*Source information*:
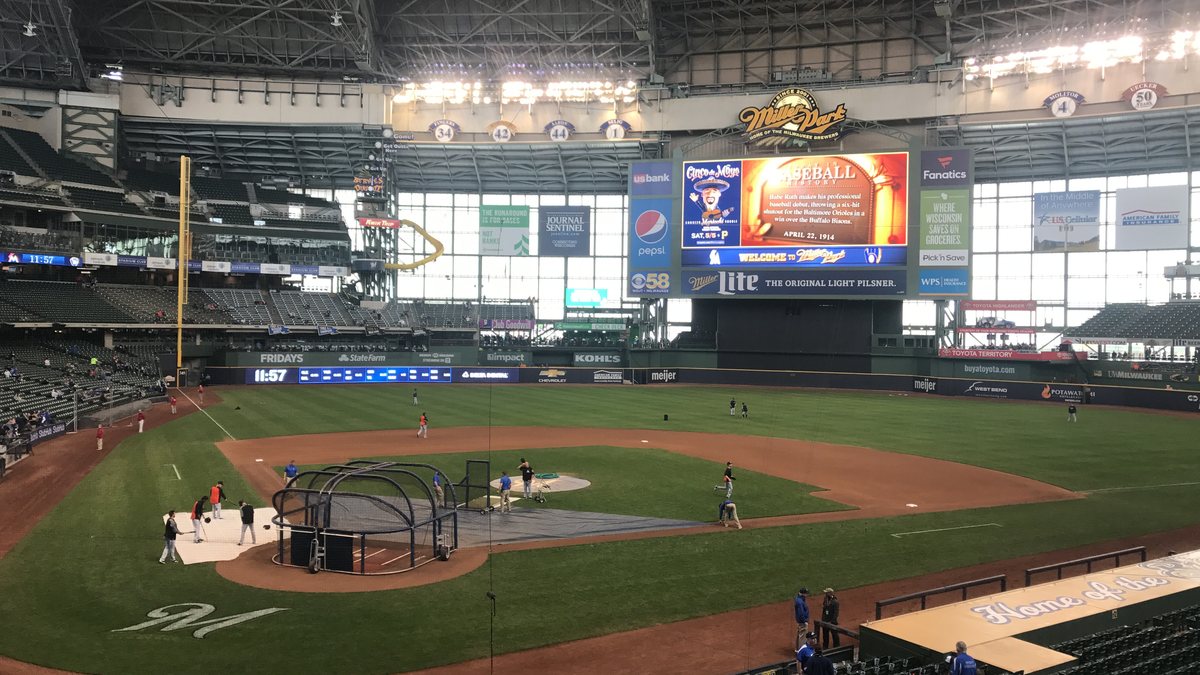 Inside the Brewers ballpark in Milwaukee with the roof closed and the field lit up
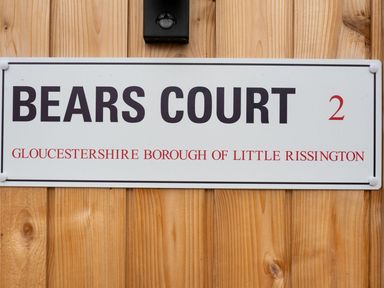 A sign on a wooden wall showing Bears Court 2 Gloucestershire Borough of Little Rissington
...
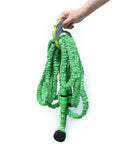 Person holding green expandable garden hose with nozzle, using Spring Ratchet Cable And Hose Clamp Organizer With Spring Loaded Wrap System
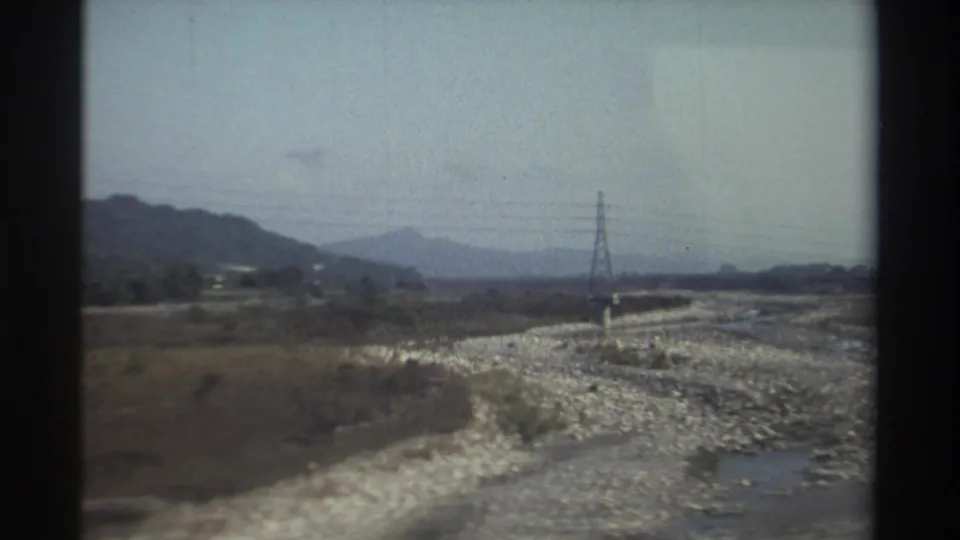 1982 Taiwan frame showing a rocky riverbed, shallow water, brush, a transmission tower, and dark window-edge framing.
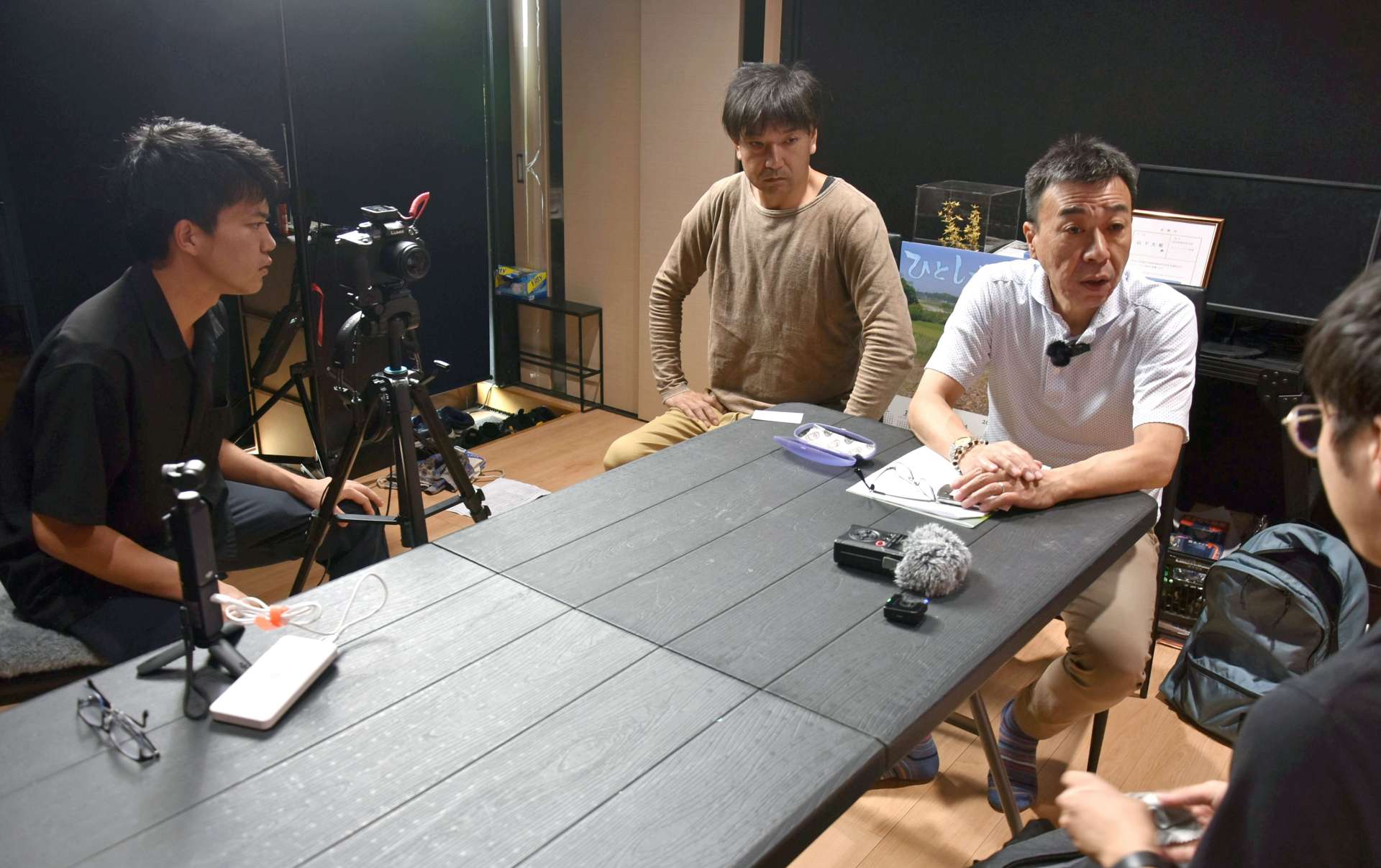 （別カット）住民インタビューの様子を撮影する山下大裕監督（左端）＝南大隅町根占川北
...
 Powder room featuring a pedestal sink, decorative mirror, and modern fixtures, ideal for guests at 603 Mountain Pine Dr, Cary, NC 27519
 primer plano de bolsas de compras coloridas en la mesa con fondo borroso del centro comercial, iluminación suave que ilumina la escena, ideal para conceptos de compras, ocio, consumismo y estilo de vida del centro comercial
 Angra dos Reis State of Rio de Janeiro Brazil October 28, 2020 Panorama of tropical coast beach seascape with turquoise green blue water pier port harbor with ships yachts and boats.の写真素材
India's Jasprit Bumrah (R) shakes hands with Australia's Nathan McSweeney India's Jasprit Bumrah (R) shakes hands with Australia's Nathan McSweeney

*Your goal*: Precisely those lines above that run from the line with "Person holding green" up to and including the line with "1982 Taiwan frame" are to be set down, with the pictures omitted.

*Your response*:
 Person holding green expandable garden hose with nozzle, using Spring Ratchet Cable And Hose Clamp Organizer With Spring Loaded Wrap System
 1982 Taiwan frame showing a rocky riverbed, shallow water, brush, a transmission tower, and dark window-edge framing.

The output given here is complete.